Мое письмо к тебе сегодня будет кратким, поскольку пишу я в постели. Не тревожься, я просто устала. Наша семейная усыпальница готова, и с утра мы вместе с Миши и Хильдегард ездили на кладбище. Для поездки выбрали большой черный «мерседес», потому что багажник его вмещает мое инвалидное кресло; сиделку мы с собой не взяли, и Миши сам катил мое кресло от машины до усыпальницы. Здесь это мода – сооружать склепы; на кладбище имеется определенный участок, где каждая состоятельная семья за бешеные деньги приобретает место и воздвигает фамильный склеп. Нашу усыпальницу украшает черное мраморное изваяние ангела с воздетыми к небу очами – творение талантливого баварского скульптора. Внутри очень просторно, так что Миши смог внести меня на руках; места здесь хватит на пятерых, и к тому же предусмотрен проект расширения, когда после внуков дойдет черед и до правнуков.
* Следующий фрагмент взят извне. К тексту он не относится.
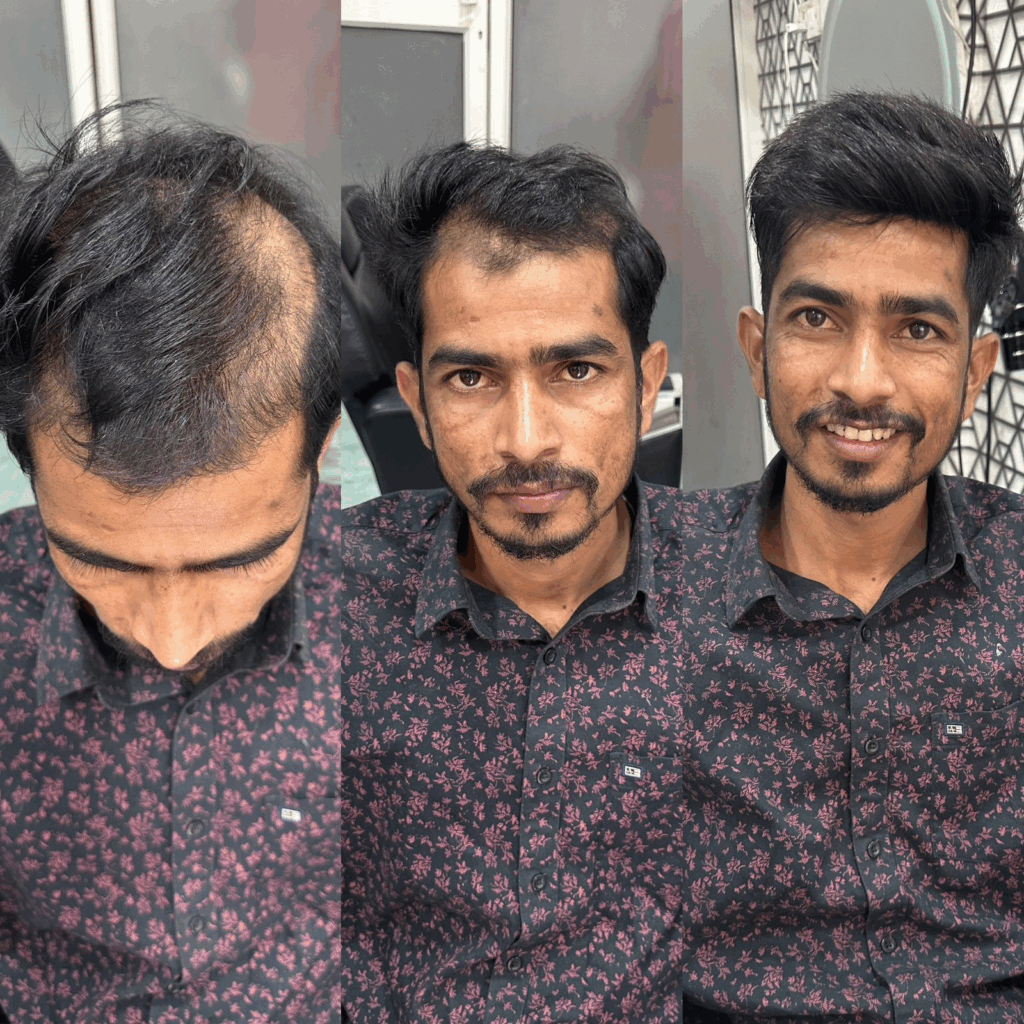 best hair patch services in Viman Nagar Pune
Я не страшусь смерти, и все же меня невольно бросило в дрожь; очевидно, Миши понял мое состояние, потому что спросил: «Пожалуй, не стоило нам сюда приезжать, мама?» Я ответила ему стихотворной строкой из Виктора Гюго: «Hélas! que j’en ai vu mourir des jeunes filles!» Что в переводе звучит приблизительно так: «Я видел: беспощадна смерть. Что старец ей, что дева в цвете лет».

Кстати, мне вспомнилась сейчас та фотография, сделанная в Лете; в моей резной шкатулке ее нет. Она либо осталась у тебя, либо утеряна вообще. Но память кое в чем обманывает тебя. Снимок действительно сделан в Лете, однако не ранним утром, а после полудня, перед пикником. Шла война, мы же в тот день ждали папу, которого повесткой затребовали в Солнок на переосвидетельствование. И наконец мы увидели, как по дороге, вдоль непроточного рукава Тисы, пылит бричка, и затем увидели папу; он издали махал нам рукой.
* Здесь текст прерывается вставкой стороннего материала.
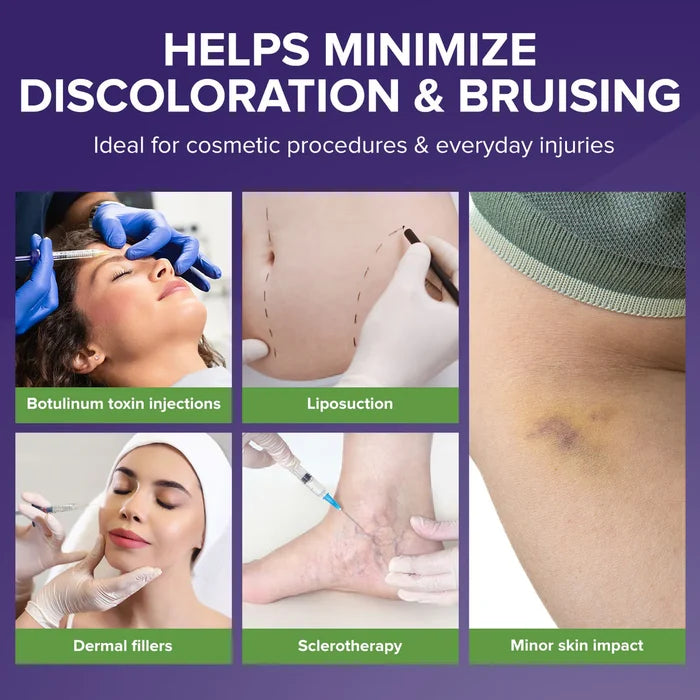 Biocorneum Advanced Bruise Dietary Supplement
Папа был в гражданском, значит, его снова признали негодным к военной службе. Мы бросились ему навстречу, бежали вниз по косогору с радостными криками: «Папа, папа!»

И еще ты заблуждаешься, полагая, будто бы я здесь, в Гармиш-Партенкирхене, являюсь душою общества. Я всего лишь старая женщина, из той породы людей, которые решаются открыто признать свою старость. Кстати сказать, это единственно правильная линия поведения, только тогда молодежь мирится с фактом нашего существования. Не сочти это очередным поучением; мой особый взгляд на старость, как и многое другое, проистекает от нашего с тобою различия в темпераментах. Меня парализовало, и я смирилась с этим. Теперь я состарилась, большую часть времени провожу в одиночестве, но стараюсь и одиночество свое переносить достойно – с гордо поднятой головой.

Поверь мне, юность приносит человеку гораздо больше мук, нежели старость, когда для нас уже практически не существует выбора. Однако труднее всего переносить старость, которая убаюкивает себя иллюзиями о непреходящей молодости.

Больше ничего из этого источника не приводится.